The Company’s investments in 50% or less owned companies, which are accounted for under the equity method, also contribute to its consolidated results of operations. As of September 30, 2018, the Company’s investments, at equity and advances to 50% or less owned companies in MexMar and its other 50% or less owned companies were $63.8 million and $56.5 million, respectively.

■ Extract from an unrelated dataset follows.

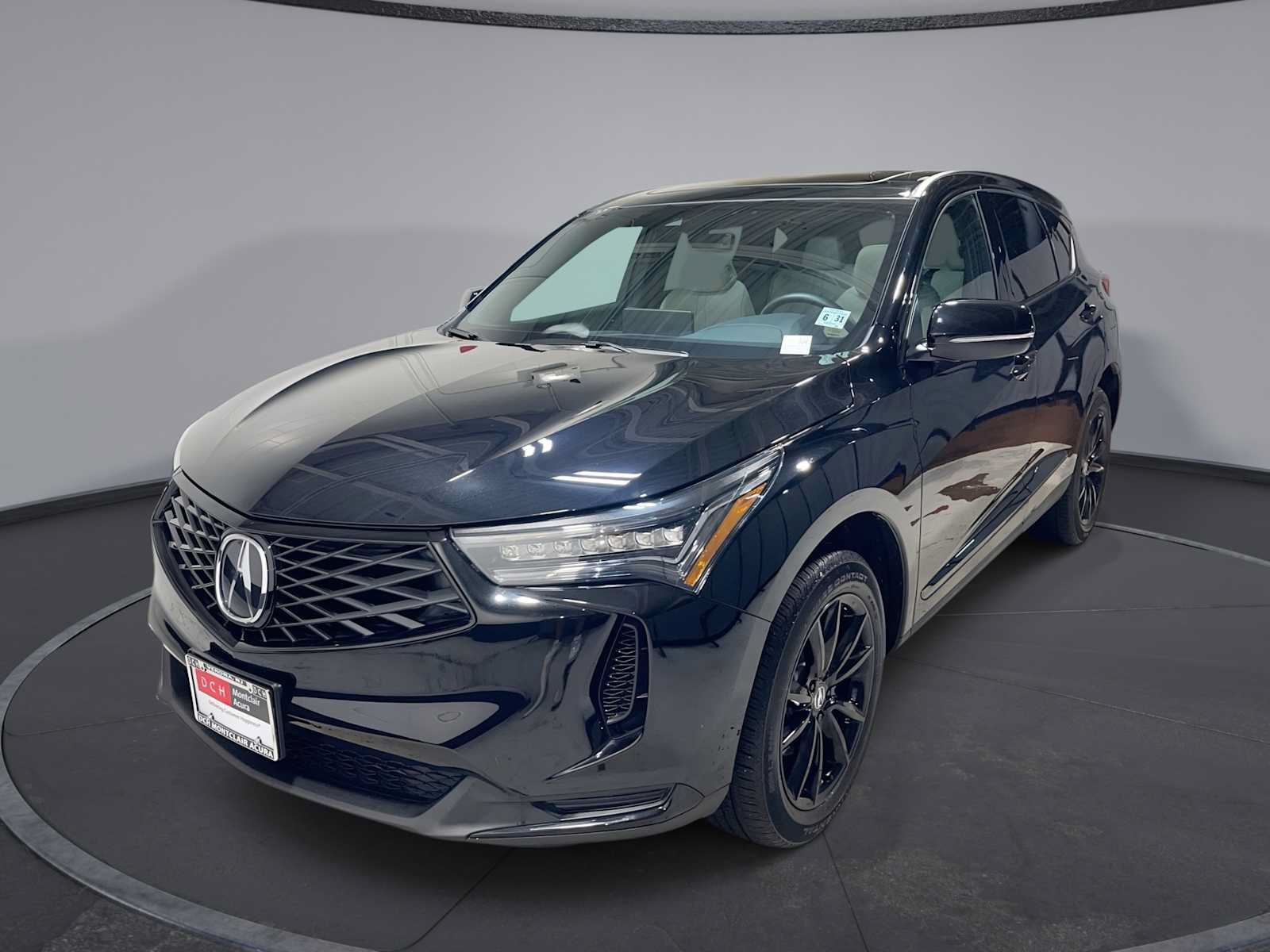 Certified 2026 Acura RDX SH-AWD image 1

Equity in (losses) earnings of 50% or less owned companies, net of tax for the nine months ended September 30 were as follows (in thousands):

Three Months Ended September 30,

Nine Months Ended September 30,

2018

2017

2018

2017

MexMar

$ 137 $ 793 $ 2,644 $ 3,382

Other

(1,164 ) (8,099 ) (4,184 ) (8,679

)

$ (1,027 ) $ (7,306 ) $ (1,540 ) $ (5,297 )

16. SUBSEQUENT EVENT

In October 2018, the Company entered into interest rate swap agreements for the purpose of providing protection against increases in interest rates, which might lead to higher interest costs on the Company's debt that bear interest at a floating rate.  These agreements hedged 50% of the $11.0 million of debt incurred by Seacor 88 and Seacor 888 and 50% of the $130.0 million syndicated credit facility incurred by SMFH. The Company is currently evaluating the swap agreements for hedge accounting effectiveness.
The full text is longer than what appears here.